In the demo output of our crawler, notice how it printed the depth of the current crawl at left, then indented slightly based on the current depth, then printed a single word meant to indicate what is being done, then printed the URL. By ensuring a consistent format, and choosing a simple/unique word for each type of line, we can post-process the output with grep, awk, and so forth, enabling us to run various checks on the output of the crawler. (Much better than a mish-mash of arbitrary output formats!) The code IgnDupl meant the crawler was ignoring a duplicate URL (one it had seen before), and IgnExtrn meant the crawler was ignoring an ‘external’ URL (because we limit CS50 crawlers to our webserver to avoid causing trouble on any real webservers).

All of this ‘logging’ output was produced by a simple function:

// log one word (1-9 chars) about a given url                                   
static void logr(const char *word, const int depth, const char *url)
{
  printf("%2d %*s%9s: %s\n", depth, depth, "", word, url);
}

The program thus has just one printf call; if we want to tweak the format, we just need to edit one line and not every log-type printf in the code.

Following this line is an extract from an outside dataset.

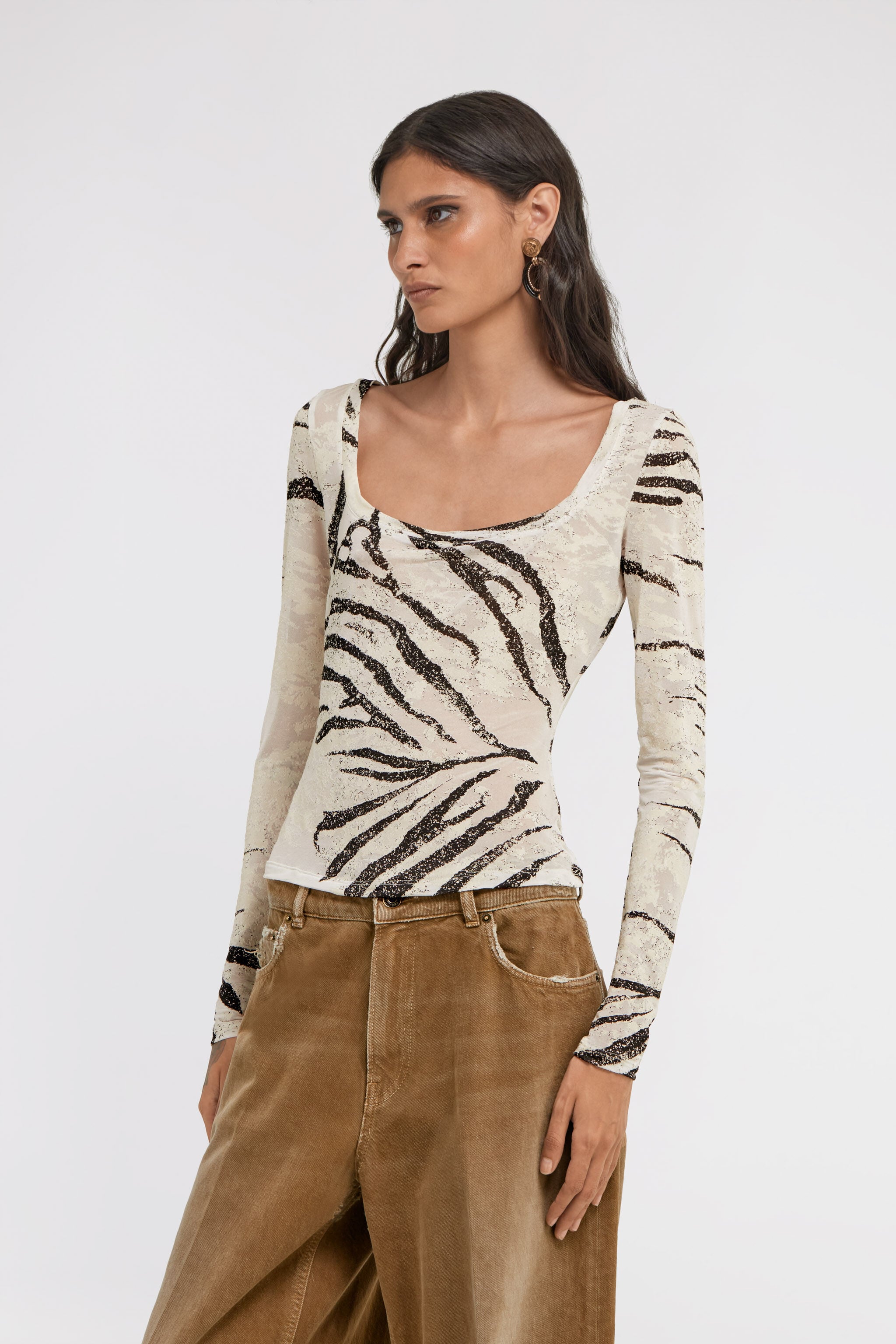 Zebra Print Top in Ivory for Women | Roberto Cavalli®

Actually, the code is like this:

// log one word (1-9 chars) about a given url                                   
static void logr(const char *word, const int depth, const char *url)
{
#ifdef APPTEST
  printf("%2d %*s%9s: %s\n", depth, depth, "", word, url);
#else
  ;
#endif
}

Notice the #ifdef block that can be triggered by a compile-time switch.

Anyway, at strategic points in the code, there is a call like this one:

logr("Fetched", page->depth, page->url);

Such code is compact, readable, maintainable, and can be entirely flipped on and off with one #ifdef.